- Indian economy has braked from nearly 10% growth to 5% in two years
- India's GDP grew 5.3% in the first quarter, the slowest in nine years
- The slump in growth took even the government officials by surprise
The dramatic drop in Indian economic growth isn't bothering the likes of Mahendra Saraf.
A farmer, he works in a sector that has seen growth shrink to 1.7 per cent in the first three months of 2012 against 7.5 per cent in the same period last year. But Mr Saraf, 26, is confident the blow to his profits will be cushioned by government agricultural subsidies. "Global and domestic demand was not been very strong," he says, "but the government buys excess grain at a fixed price, so we will get that money anyway."
Such safety blankets -- the size of which vary from state to state and industry to industry -- are among the targets of those who say the government of Manmohan Singh needs to take radical measures to restore growth in the Indian economy.
With growth in the first quarter of 2012 rising at 5.3 per cent, the slowest rate in nine years, policy makers are panicking about how to turn things around.
"It's an absolute disaster," says Omkar Goswami, head of the Corporate and Economic Research Group in New Delhi. "We went from nearly growing at 10 per cent to 5 per cent in less than two years . . . it's very, very concerning."
Although Delhi often blames the eurozone sovereign debt crisis for India's woes, domestic economists argue that the country's difficulties are self-inflicted, blaming the political paralysis that has set in over the past two years as the Congress party-lead coalition has stumbled from one crisis to another.
"The Indian economy is losing its shine and the policy response so far has ranged from nonexistent to ineffectual," said Eswar Prasad, senior fellow at the Brookings Institution. "Fiscal policy is adrift and the reform process has lost momentum, compounding the effects of a weak external environment."
The slump in growth took even the government by surprise.
"I had expected that the rise in the agricultural growth rate will perhaps compensate, to some extent, the decline in the industrial production. But that does not seem to happen," said Chakravarthy Rangarajan, chairman of the Prime Minister's Economic Advisory Council. "Therefore, the overall growth rate remains somewhat subdued. It is very disappointing."
Agriculture was not the biggest loser in the first quarter of 2012. Manufacturing, which 12 months earlier had been growing at 7.3 per cent contracted by 0.3 per cent between January and March. However, financial services, the largest component of Indian GDP, continued to expand, growing 10 per cent.
The sharp drop in quarterly growth was primarily owing to a slowdown in investment. This "is partly a result of higher interest rates, which have caused credit growth to slow. But in addition, many large projects have been postponed or cancelled due to lack of approval for land acquisition, particularly in the steel and power sectors," says Andrew Kenningham at Capital Economics.
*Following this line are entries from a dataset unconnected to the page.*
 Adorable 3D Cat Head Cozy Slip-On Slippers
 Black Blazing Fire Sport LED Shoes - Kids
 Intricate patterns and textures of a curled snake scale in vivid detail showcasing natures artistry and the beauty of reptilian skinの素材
Business figures say this fall-off in investment is visible across sectors, although some -- such as telecoms and infrastructure -- have been especially badly hit. "Renewables are a little insulated, but in the power sector in general things are not good at all," says Sumant Sinha, chief executive of Renew Power, a wind farm developer. "Banks have got a bit burned lending to this sector, so we have to work a lot harder to get financing, while interest rates are still high, and this constrains our ability to get projects off the ground."
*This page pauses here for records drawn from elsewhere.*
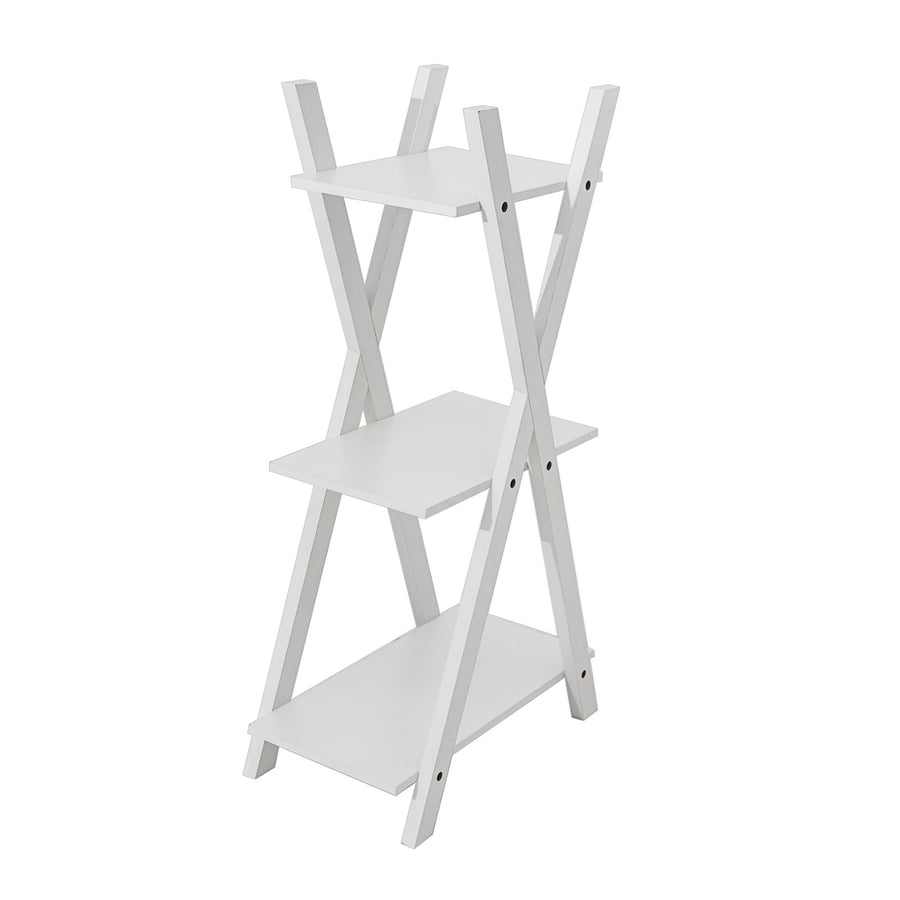 44inch 3-Tier White Wooden Plant Stand, X-Frame Display Shelf Accent Rack#whtbkgd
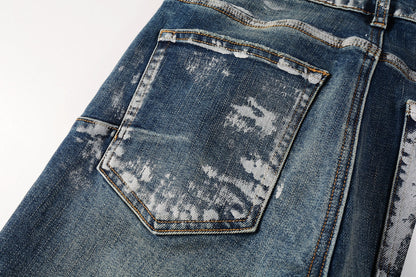 PURPLE Men Streetwear Skinny Jeans Dark Blue Wash with White Brushstroke Distress 9040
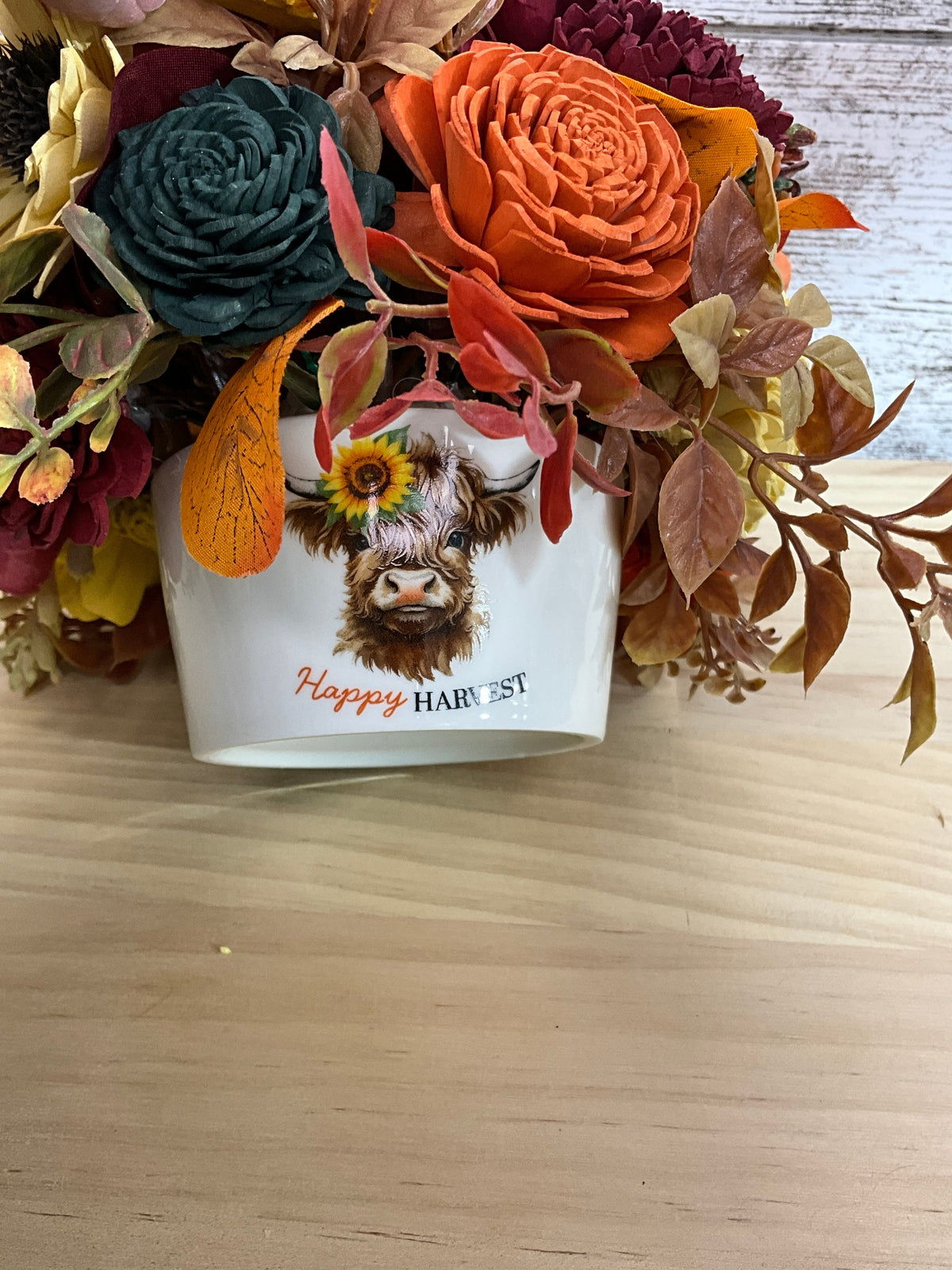 Highland Harvest | Autumn Sola Wood Flower Arrangement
The Reserve Bank of India cut rates by 50 basis points in April, more than most analysts expected, but still not enough to make many capital intensive investments viable, according to Leif Lybecker Eskesen, chief India economist at HSBC.
"Manufacturing in India really is a terrible story," says Ajit Ranade, chief economist at the Aditya Birla Group, one of the country's largest conglomerates. "Clearly the biggest priority is reviving investor spending, and in especially the private sector, where the growth rate is nearly zero now."
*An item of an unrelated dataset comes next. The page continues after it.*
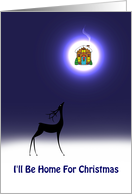 Christmas homecoming, reindeer gazing at house on moon, card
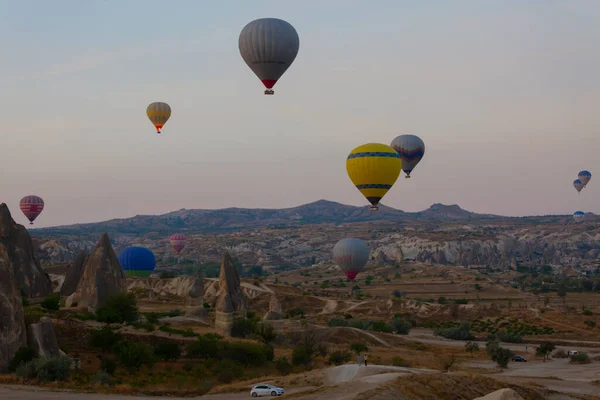 Una Delle Attività Più Popolari Cappadocia Cappadocia Con Mongolfiere — Foto Stock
But inflation of 7.23 per cent means the central bank is not in a position to cut rates again. "The slowdown in growth is deepening and the downside risks to the outlook have increased. However, the lingering inflation pressures suggest that monetary policy cannot be eased aggressively," says Mr Eskesen.
Back at his farm Mr Saraf discusses the expansion to his family's farm and pesticides shop, but others have not been so fortunate. Local media reported suicides among Maharashthran farmers who, after a recent drought, were unable to produce enough grain to repay debts.
The stories highlight the dilemma that the Singh government faces. If it wants to revive growth it will have to pass unpopular reforms that will hurt the likes of Mr Saraf but, if it fails to do so, it risks dragging the economy into the worst crisis for more than 20 years.